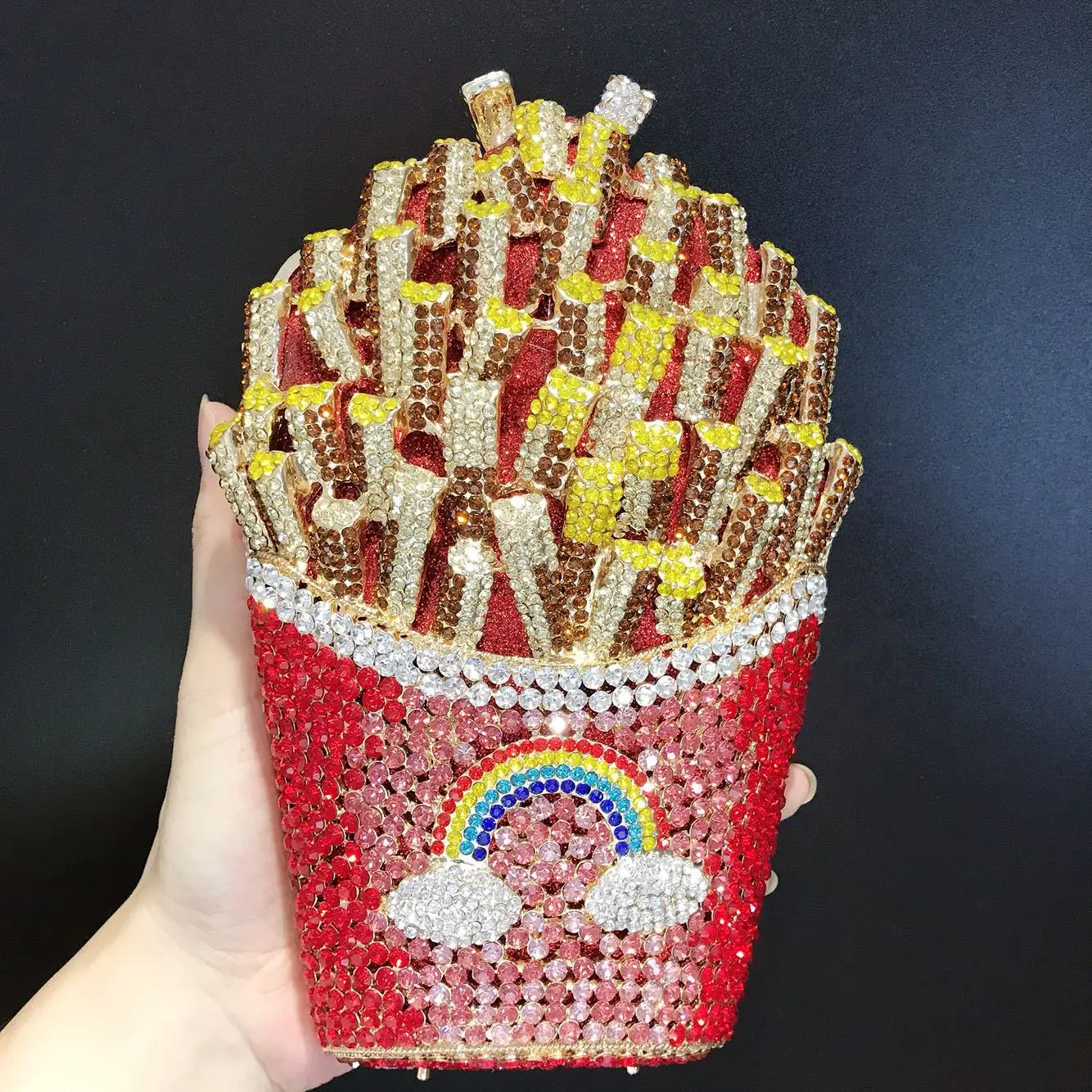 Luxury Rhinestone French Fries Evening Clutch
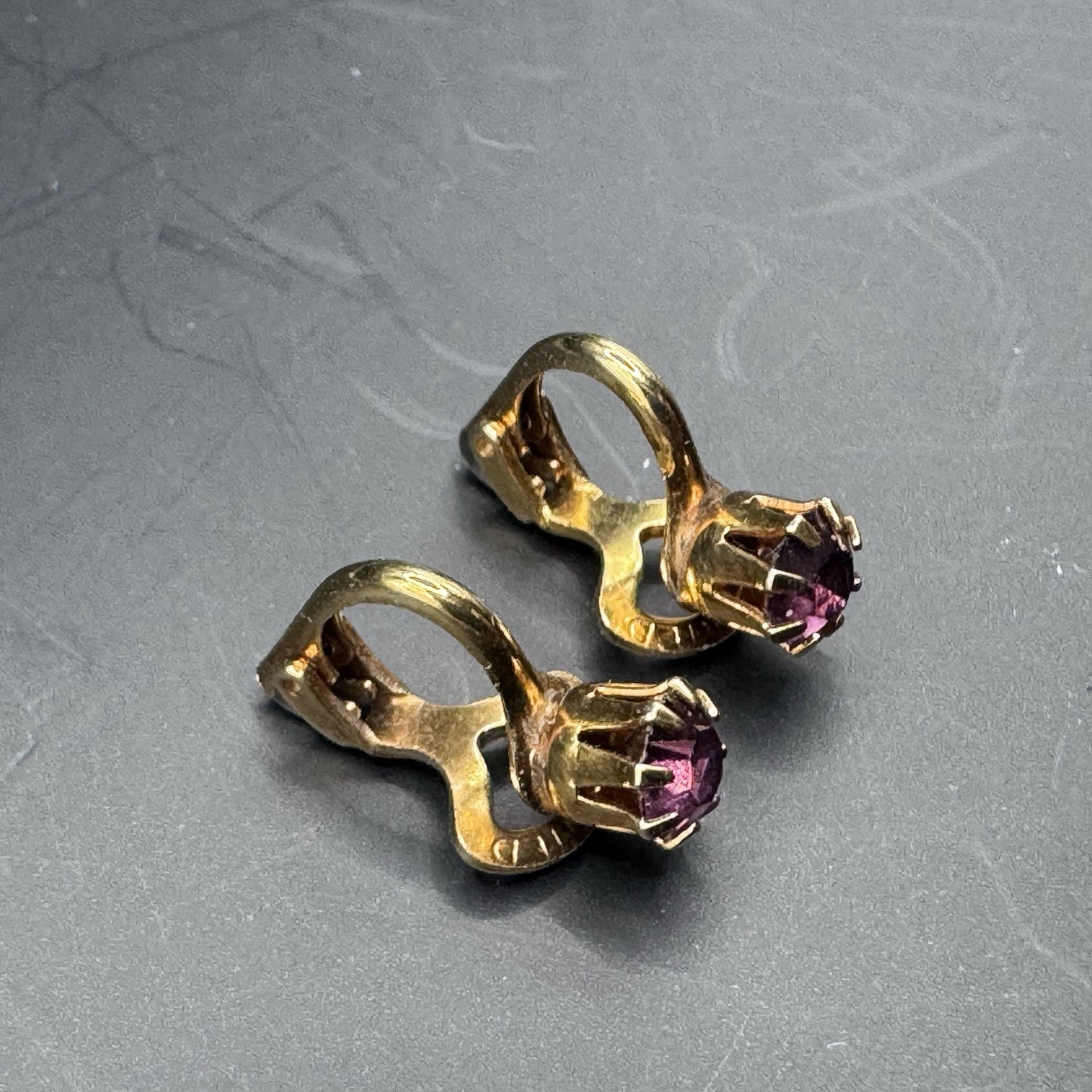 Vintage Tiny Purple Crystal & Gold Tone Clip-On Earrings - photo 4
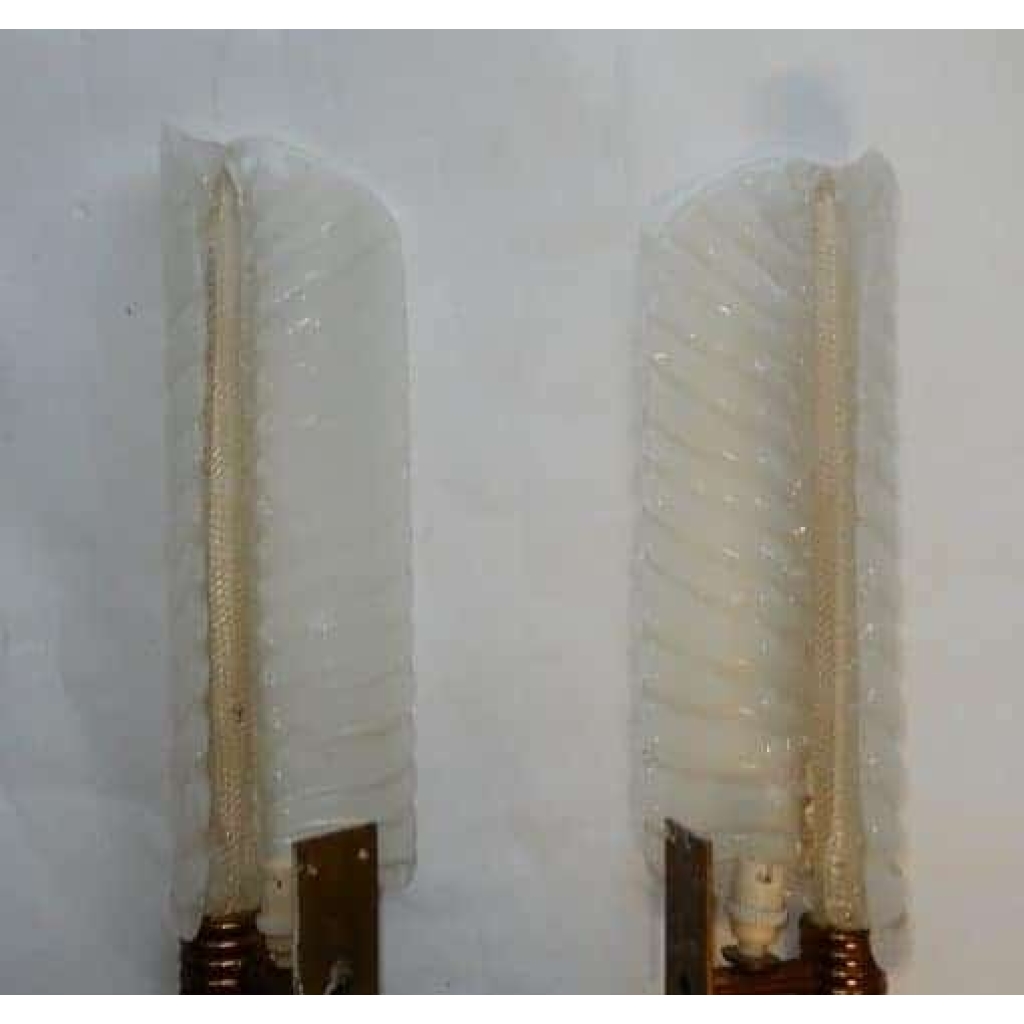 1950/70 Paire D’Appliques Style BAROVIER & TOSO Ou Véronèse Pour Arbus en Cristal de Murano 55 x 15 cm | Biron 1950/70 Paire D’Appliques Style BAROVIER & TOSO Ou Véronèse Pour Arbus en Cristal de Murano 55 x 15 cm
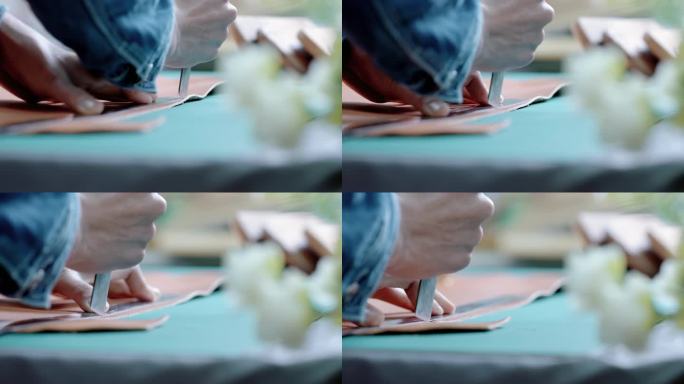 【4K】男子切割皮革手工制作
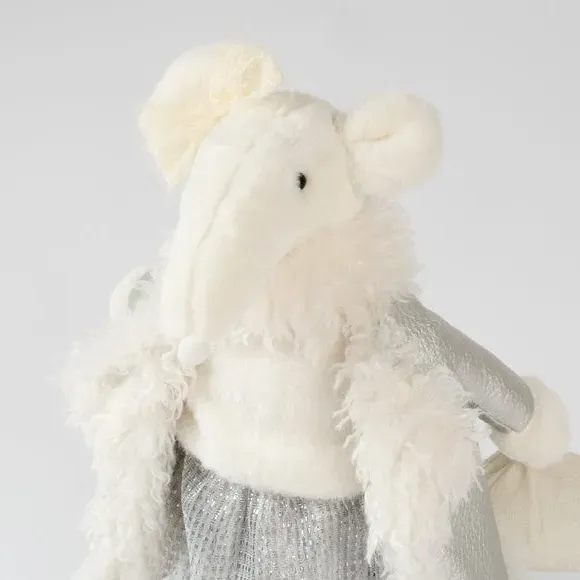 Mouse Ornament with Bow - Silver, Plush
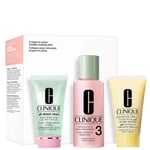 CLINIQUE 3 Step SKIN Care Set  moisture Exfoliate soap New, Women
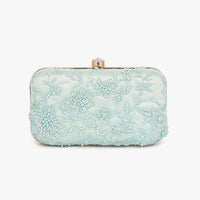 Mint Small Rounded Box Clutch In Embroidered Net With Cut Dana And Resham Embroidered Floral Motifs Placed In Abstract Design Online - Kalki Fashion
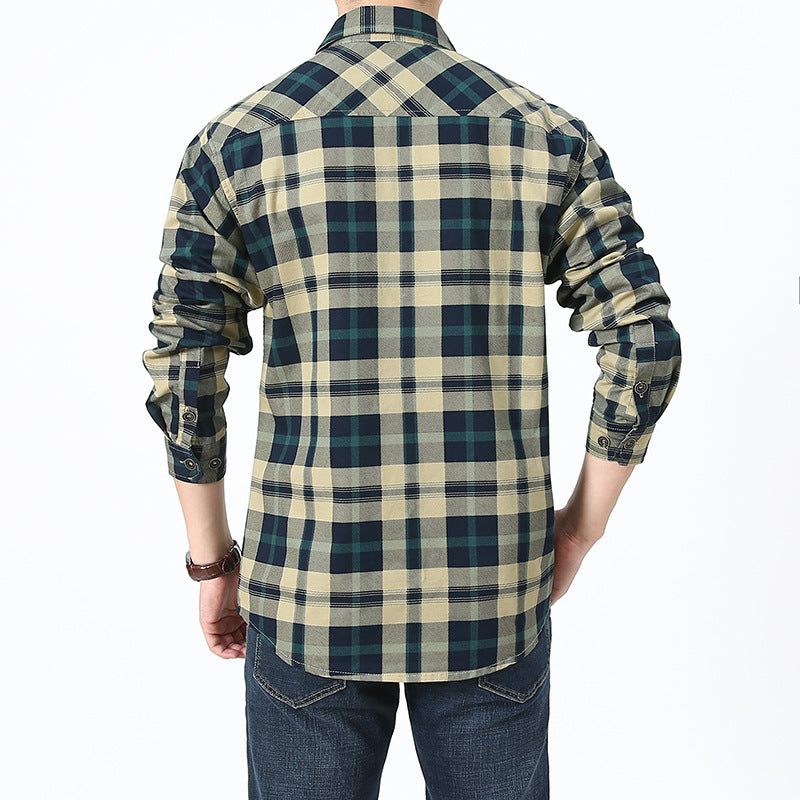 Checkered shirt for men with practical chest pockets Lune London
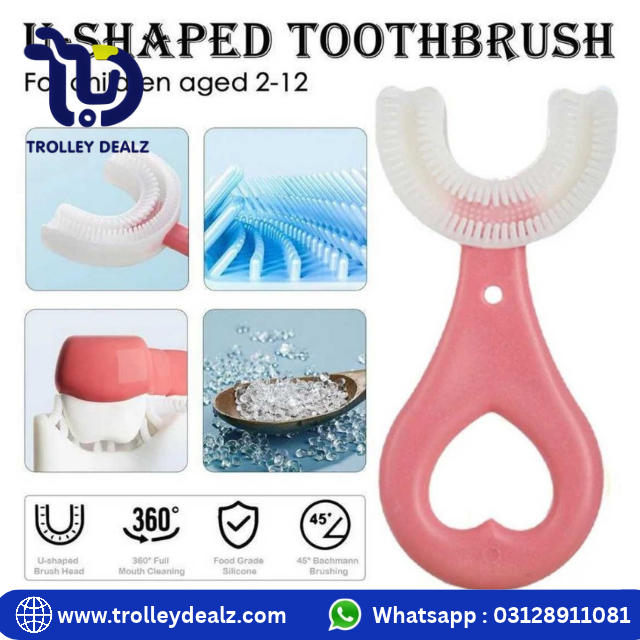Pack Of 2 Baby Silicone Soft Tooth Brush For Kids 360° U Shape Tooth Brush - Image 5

----

Please write out the lines from the one that holds "Mint Small Rounded" through the end of the material, both ends included, exactly and with no pictures.

- _Your response_:
 Mint Small Rounded Box Clutch In Embroidered Net With Cut Dana And Resham Embroidered Floral Motifs Placed In Abstract Design Online - Kalki Fashion
 Checkered shirt for men with practical chest pockets Lune London
Pack Of 2 Baby Silicone Soft Tooth Brush For Kids 360° U Shape Tooth Brush - Image 5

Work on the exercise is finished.